### Task to carry out
From the records, return each line that has the word "avec" in it.

### Supplied data

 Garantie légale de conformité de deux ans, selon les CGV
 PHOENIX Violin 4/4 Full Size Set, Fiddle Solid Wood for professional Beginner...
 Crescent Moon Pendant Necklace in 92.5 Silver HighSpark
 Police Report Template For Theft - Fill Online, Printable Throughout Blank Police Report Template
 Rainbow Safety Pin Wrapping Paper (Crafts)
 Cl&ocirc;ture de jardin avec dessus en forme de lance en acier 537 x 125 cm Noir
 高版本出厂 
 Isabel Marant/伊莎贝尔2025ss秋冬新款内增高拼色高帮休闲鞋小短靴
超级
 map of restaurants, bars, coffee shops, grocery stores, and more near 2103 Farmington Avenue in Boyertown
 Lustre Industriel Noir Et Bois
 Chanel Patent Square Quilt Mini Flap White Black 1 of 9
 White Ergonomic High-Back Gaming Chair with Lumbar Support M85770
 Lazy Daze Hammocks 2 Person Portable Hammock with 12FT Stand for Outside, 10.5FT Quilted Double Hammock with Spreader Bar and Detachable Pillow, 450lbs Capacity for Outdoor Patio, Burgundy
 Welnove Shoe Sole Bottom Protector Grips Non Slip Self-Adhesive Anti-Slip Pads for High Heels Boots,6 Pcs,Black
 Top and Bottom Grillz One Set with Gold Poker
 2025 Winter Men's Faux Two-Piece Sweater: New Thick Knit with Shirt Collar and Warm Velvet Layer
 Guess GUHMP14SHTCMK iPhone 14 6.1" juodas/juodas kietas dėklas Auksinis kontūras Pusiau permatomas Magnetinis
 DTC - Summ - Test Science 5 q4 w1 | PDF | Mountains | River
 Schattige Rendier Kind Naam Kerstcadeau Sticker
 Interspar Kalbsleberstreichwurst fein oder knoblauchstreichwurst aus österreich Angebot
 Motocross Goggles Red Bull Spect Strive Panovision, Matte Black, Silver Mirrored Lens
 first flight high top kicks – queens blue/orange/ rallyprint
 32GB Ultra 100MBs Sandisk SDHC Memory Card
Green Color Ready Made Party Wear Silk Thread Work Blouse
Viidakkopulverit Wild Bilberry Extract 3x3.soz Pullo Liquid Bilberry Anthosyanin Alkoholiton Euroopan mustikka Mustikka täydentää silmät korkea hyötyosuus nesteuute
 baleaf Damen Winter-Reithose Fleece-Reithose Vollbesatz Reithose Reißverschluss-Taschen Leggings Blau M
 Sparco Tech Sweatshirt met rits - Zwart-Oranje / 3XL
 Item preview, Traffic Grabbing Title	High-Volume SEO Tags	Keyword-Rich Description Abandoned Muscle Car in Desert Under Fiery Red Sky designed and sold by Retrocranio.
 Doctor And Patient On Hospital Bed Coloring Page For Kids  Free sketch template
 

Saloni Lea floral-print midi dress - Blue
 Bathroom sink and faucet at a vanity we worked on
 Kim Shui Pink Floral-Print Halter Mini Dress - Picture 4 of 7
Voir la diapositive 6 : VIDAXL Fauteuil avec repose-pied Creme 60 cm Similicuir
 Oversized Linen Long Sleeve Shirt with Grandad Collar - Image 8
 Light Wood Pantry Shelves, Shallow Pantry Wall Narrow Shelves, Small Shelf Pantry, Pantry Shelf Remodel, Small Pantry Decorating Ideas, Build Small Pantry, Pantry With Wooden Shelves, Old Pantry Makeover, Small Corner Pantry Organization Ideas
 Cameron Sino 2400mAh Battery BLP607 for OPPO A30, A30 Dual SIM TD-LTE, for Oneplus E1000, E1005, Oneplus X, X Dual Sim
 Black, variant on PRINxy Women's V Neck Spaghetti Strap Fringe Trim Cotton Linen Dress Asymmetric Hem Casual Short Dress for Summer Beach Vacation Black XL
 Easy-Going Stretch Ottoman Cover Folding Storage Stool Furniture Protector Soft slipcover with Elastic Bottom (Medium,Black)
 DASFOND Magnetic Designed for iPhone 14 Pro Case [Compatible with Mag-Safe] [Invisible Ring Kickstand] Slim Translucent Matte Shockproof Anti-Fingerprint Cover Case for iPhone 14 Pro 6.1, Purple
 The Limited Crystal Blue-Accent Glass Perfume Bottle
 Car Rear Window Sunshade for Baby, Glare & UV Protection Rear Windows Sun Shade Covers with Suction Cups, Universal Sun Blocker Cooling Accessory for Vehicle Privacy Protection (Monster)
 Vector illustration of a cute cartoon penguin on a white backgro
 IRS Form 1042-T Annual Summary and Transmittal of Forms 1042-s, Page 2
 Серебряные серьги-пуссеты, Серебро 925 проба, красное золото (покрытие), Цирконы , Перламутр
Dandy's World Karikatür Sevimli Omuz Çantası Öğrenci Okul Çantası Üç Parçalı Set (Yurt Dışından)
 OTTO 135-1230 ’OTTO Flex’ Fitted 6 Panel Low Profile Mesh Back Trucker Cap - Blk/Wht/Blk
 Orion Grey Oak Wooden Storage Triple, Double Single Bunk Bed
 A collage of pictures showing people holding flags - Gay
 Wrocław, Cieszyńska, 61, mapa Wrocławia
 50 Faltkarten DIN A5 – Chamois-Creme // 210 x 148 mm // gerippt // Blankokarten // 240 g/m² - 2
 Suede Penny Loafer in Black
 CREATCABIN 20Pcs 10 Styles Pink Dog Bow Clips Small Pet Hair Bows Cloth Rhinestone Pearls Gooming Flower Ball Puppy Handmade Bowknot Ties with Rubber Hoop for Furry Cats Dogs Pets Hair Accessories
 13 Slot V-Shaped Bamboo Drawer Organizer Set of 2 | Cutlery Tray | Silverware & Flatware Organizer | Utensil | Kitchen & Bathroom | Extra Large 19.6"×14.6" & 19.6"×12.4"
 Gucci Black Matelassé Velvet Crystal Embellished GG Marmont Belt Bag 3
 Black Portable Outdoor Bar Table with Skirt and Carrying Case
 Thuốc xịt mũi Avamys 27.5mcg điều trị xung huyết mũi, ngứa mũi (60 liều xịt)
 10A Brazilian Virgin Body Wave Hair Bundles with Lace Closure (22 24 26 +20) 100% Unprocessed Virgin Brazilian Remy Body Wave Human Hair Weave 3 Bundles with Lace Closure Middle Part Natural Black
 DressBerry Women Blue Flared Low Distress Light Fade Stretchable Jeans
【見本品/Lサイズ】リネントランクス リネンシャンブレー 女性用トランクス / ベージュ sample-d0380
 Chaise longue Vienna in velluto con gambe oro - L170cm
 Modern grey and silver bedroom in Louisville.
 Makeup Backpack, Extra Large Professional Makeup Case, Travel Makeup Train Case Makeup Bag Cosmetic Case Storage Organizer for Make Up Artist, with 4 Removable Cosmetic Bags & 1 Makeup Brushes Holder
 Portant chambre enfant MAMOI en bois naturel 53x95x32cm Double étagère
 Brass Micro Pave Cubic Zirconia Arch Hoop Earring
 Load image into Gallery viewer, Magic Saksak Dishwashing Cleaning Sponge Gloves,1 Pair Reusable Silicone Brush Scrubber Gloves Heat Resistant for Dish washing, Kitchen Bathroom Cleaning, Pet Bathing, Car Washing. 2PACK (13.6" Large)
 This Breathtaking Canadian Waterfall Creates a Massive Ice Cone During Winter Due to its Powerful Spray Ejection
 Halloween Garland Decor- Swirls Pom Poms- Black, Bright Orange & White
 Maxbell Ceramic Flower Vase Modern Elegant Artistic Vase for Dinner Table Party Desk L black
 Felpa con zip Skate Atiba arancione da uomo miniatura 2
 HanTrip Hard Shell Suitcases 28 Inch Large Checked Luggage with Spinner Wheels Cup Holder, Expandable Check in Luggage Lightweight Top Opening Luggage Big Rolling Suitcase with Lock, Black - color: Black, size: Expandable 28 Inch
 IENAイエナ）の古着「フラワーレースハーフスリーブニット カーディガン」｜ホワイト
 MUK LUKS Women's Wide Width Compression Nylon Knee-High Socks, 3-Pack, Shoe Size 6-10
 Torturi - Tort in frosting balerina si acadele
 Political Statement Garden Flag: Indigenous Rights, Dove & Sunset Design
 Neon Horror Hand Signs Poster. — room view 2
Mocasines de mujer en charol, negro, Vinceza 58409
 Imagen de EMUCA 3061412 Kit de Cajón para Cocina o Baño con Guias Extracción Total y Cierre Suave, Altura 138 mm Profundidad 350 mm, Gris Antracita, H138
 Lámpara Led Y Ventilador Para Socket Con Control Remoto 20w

### Response to the task
 Cl&ocirc;ture de jardin avec dessus en forme de lance en acier 537 x 125 cm Noir
Voir la diapositive 6 : VIDAXL Fauteuil avec repose-pied Creme 60 cm Similicuir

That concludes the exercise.